When the NCAA announced that seniors could return for the 2021 season, Fallon saw a second wasted year buried on the depth chart.

“I didn’t know how playing time was going to work,” Fallon said. “I took a year off to let these older guys play their year.”

Fallon took classes at Temple but the itch to play kept surfacing. “For me, it was the regret aspect,” Fallon shared. “I was telling myself ‘Do you want to see yourself when you are 40 years old and saying I could have played those last few years of college?’ Or do I play those years and not regret what could have happened? The regret was eating me alive a little bit those years I wasn’t playing.”

Fallon called then DelVal head coach Duke Greco, who recruited him at West. “I always appreciated him a lot,” Fallon said. “He had total open arms and said he’d love to take me.

“I picked DelVal because of Coach Greco and the location. You can’t beat that,” Fallon continued. “I’m 22 now so I don’t need to be living the college life. I’m there for the academics and to play football.”

“As an older guy, you don’t have to worry about certain stuff with him,” Isgro echoed. “He is focused and he knows what he wants.”

Besides football hardware Fallon, a business major with a strong interest in being a personal trainer, also earned a spot on the All-MAC Academic football team. A player must have a 3.20 GPA or better to be eligible. “I’d want to help people improve their health or whatever aspect of their life that they need,” he shared. “That really intrigues me.”

The six-time defending MAC champion, DelVal brings a 53-game conference win streak into its home opener on Sept. 14 against Alvernia.

It will also be the first home game for Isgro, Fallon’s running backs coach last season, as head coach.
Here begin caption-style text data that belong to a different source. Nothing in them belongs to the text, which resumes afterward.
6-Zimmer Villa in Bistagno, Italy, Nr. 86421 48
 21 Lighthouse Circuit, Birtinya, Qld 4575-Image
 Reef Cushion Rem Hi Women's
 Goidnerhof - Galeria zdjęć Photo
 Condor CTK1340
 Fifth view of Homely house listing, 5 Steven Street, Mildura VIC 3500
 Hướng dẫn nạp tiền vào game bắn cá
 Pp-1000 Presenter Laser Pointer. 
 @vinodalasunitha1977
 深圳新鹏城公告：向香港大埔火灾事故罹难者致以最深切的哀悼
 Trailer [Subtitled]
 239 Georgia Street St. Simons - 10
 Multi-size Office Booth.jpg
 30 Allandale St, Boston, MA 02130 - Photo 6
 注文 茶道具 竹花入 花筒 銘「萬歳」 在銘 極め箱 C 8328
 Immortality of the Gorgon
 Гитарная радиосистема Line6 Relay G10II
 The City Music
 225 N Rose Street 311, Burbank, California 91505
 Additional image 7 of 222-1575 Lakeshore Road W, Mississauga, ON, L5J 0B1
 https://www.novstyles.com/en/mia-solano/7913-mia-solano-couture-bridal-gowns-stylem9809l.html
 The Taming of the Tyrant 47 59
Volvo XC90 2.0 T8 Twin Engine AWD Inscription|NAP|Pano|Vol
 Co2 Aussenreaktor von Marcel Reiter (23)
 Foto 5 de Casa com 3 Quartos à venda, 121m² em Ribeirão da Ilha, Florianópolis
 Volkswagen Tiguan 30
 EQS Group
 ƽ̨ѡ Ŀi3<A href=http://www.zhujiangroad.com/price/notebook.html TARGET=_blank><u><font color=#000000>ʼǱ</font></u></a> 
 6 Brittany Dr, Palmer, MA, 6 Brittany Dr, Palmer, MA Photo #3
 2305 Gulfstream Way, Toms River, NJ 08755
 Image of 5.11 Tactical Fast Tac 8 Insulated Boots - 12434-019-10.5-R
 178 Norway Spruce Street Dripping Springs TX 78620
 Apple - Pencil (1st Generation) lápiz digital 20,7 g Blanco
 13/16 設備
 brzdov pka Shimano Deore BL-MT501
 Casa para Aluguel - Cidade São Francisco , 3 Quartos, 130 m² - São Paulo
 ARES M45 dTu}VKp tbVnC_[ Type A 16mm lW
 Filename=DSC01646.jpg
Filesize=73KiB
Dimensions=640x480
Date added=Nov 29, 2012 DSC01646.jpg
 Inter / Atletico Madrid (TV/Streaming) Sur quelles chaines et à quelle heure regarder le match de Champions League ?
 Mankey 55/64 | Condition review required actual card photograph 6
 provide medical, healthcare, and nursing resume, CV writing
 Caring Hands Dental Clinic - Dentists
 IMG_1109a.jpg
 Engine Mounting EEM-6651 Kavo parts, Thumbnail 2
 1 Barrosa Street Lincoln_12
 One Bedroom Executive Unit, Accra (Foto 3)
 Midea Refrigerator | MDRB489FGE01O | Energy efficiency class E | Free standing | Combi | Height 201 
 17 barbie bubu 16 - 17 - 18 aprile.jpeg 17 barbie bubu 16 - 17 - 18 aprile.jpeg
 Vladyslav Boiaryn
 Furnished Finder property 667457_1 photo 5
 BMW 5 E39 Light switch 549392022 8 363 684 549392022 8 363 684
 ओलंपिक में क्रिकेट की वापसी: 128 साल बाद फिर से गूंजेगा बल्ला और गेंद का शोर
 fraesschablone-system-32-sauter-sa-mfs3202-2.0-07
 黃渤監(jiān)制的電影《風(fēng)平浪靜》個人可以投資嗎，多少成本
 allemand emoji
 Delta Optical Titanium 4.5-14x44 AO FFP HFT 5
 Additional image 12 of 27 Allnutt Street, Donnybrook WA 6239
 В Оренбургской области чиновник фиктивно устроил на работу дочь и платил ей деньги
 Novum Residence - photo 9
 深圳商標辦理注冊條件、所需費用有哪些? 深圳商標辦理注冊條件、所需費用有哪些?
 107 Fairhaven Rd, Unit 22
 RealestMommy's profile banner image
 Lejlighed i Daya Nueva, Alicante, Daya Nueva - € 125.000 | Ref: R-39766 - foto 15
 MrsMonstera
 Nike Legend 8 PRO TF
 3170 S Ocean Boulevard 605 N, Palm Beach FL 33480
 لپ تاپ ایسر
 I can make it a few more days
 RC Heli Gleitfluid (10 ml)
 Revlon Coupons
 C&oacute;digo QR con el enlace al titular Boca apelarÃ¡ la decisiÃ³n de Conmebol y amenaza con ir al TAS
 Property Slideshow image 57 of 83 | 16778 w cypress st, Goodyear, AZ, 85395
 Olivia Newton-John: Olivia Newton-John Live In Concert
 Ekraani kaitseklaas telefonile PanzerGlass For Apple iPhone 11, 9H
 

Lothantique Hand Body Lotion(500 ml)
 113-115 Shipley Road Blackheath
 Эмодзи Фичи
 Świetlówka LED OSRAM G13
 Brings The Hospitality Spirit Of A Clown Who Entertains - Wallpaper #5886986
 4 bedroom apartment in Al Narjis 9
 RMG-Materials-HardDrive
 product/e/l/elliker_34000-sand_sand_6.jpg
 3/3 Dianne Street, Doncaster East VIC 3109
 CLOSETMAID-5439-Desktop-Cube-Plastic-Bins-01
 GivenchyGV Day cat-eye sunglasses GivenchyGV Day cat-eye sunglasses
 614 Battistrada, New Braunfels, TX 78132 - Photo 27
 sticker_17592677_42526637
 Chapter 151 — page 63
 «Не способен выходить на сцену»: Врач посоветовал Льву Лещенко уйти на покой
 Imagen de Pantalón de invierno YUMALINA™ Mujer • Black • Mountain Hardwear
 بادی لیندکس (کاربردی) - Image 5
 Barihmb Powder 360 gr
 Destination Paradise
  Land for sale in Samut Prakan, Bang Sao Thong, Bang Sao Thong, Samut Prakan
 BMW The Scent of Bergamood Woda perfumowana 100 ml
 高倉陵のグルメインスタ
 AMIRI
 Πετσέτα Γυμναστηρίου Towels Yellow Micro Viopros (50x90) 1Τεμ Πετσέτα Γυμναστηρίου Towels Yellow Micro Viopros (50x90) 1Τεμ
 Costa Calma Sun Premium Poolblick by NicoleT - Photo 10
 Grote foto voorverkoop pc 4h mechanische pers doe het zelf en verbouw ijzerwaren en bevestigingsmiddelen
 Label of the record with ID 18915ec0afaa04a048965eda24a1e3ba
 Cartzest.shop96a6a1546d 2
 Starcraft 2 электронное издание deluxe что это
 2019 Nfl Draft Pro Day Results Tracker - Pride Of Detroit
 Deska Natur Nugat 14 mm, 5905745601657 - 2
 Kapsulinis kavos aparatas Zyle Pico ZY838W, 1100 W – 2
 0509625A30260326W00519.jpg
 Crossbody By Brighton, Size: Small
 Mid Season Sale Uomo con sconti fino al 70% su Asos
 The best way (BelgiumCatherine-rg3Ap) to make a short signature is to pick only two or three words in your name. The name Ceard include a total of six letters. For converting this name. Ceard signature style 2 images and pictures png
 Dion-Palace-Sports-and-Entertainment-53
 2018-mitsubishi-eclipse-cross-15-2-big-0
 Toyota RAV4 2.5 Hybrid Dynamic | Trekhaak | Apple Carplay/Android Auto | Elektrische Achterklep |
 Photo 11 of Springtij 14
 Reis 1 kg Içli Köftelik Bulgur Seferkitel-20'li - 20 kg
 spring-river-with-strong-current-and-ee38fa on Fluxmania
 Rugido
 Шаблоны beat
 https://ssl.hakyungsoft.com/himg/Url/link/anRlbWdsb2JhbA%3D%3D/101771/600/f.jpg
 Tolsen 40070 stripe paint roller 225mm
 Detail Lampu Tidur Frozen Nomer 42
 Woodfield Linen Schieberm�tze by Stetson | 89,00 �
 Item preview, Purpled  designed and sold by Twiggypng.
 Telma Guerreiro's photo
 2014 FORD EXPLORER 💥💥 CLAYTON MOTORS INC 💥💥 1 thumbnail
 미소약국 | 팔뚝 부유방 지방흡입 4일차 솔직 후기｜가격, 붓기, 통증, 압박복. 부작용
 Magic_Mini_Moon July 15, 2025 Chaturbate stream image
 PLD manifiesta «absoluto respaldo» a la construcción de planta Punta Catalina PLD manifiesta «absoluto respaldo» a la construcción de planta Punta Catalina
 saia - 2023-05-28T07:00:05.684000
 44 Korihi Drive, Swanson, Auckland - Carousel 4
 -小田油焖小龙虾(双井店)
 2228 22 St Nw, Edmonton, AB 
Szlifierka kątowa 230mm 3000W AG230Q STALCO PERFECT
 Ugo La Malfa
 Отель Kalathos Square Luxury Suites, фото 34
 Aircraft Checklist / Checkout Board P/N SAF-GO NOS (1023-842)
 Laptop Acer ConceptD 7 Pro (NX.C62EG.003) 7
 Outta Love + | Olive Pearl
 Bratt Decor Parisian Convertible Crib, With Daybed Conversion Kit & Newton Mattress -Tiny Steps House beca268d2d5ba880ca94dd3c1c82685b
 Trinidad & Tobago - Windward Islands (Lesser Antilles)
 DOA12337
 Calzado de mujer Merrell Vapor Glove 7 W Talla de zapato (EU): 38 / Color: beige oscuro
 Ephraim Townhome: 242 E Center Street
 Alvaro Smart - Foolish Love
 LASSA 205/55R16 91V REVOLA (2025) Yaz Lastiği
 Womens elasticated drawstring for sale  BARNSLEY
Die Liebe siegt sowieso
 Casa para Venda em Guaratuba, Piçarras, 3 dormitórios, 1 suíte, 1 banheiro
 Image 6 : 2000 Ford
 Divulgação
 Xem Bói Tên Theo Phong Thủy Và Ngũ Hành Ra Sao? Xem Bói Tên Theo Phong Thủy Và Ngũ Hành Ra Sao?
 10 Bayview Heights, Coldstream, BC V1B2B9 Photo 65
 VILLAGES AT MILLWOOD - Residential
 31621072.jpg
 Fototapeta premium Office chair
West Chester hired Greco as its head coach in the offseason.

“Coach Isgro is awesome,” Fallon praised. “When I transferred here, he was the one giving me tours and teaching me all about DelVal. The whole team was very excited to hear that he was hired. I think he is going to pick up right where we left and we’re not going to skip a beat.”

“Jack is a bright football guy so it was easy to get him up to speed quickly,” Isgro shared. “He jumped into a role with an injury to one of the other guys. He stepped up and this year, we’ll be looking for him to carry the load like he did at the back end of last season, whether it was in or out of the backfield and leadership-wise.”

Some early Division III preseason polls excluded DelVal from the top 25, a fact not unnoticed in Doylestown. “I think everyone has a little bit of a chip on the shoulder,” Fallon said. “We feel ready to go out and prove people wrong this year.”

And Fallon is poised to jump from good to great. “I’m feeling way better this year than I did last year,” he said in mid-July. “This spring helped me a lot. At camp last year, I was shaking the rust off. This camp, I’m ready to go.”